Ia mencontohkan pembangunan proyek mass rapid transit (MRT) DKI Jakarta. Ketika menjabat sebagai gubernur DKI Jakarta, ia pernah mendapatkan pemaparan mengenai pembangunan MRT yang rancangannya sudah ada sejak 26 tahun lalu.
"Kemudian saya tanya, kenapa sih ini tidak dibangun-bangun sejak 26 tahun lalu? Ternyata semua itu karena perhitungannya untung rugi, perhitungannya ekonomi," ujar Jokowi saat berpidato di acara deklarasi dukungan dari Alumni Pangudi Luhur Bersatu di Energy Building, kawasan SCBD Jakarta, Rabu (6/2/2019).

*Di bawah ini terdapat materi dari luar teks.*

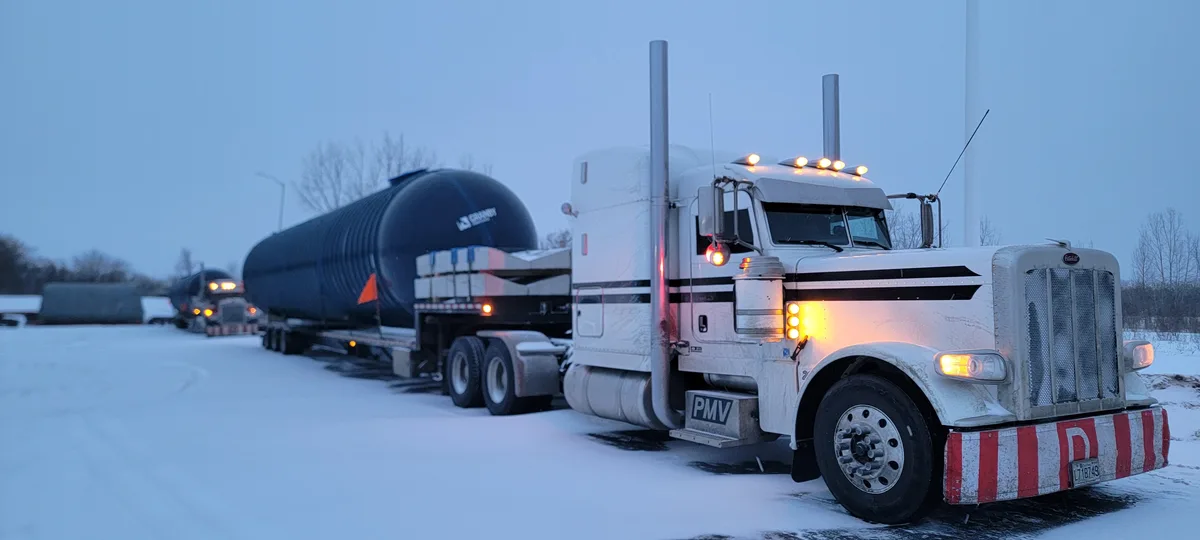 A white semi-truck with a large black tanker trailer is parked in a snowy lot during twilight. The truck's lights are on…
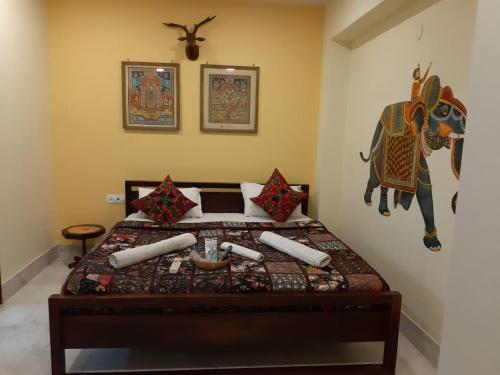 a bedroom with a bed with a cow on the wall at Swiss House in Jodhpur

Jokowi kemudian bertanya, berapa kerugian yang harus ditanggung apabila MRT tetap dibangun. Jawabannya, Pemerintah Provinsi DKI Jakarta harus mensubsidi Rp 3 triliun per tahun.
Diketahui, jumlah APBD DKI Jakarta ketika Jokowi masih menjabat gubernur DKI Jakarta yakni sebesar sekitar Rp 73 triliun. Namun, Jokowi tidak mau mengutak-utik formasi APBD.

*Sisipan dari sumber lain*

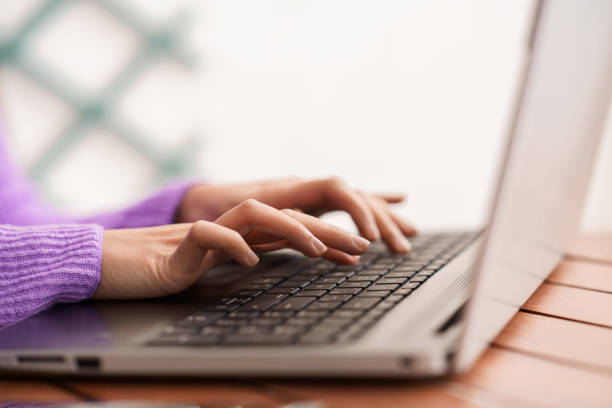 istock Persian woman on her balcony using laptop computer 1197593683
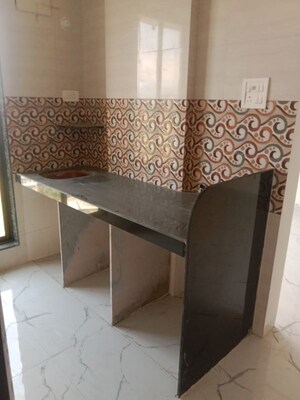 Kitchen in 1 BHK Apartment at Maad Yashwant Pride-Kini Complex, Naigaon East – for Sale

Ia pun memutar otak, bagaimana cara untuk menutupi kerugian itu tanpa harus mengutak-atik di APBD. Rupanya ada jalan.
"Saya tanya lagi, bisa enggak kita dapat income dari tempat lain? Jawabannya, bisa, yaitu dari ERP (electronic road pricing). Untungnya Rp 4 triliun. Sejak saat itu, saya langsung putuskan, oke, (MRT) saya putuskan jalan besok," kata Jokowi.
"Apa yang ada di pikiran saya saat itu? Ini merupakan keputusan politik, bukan untung rugi atau ekonomi. Ini adalah keputusan dengan segala risiko. Harusnya kan perhitungannya negara," lanjut dia.
Jokowi menegaskan, perhitungan di dalam mengelola negara tidak bisa didasarkan pada untung dan rugi semata. Apabila demikian, Jokowi meyakini, sampai kapan pun infrastruktur di Tanah Air tidak akan segera dibangun.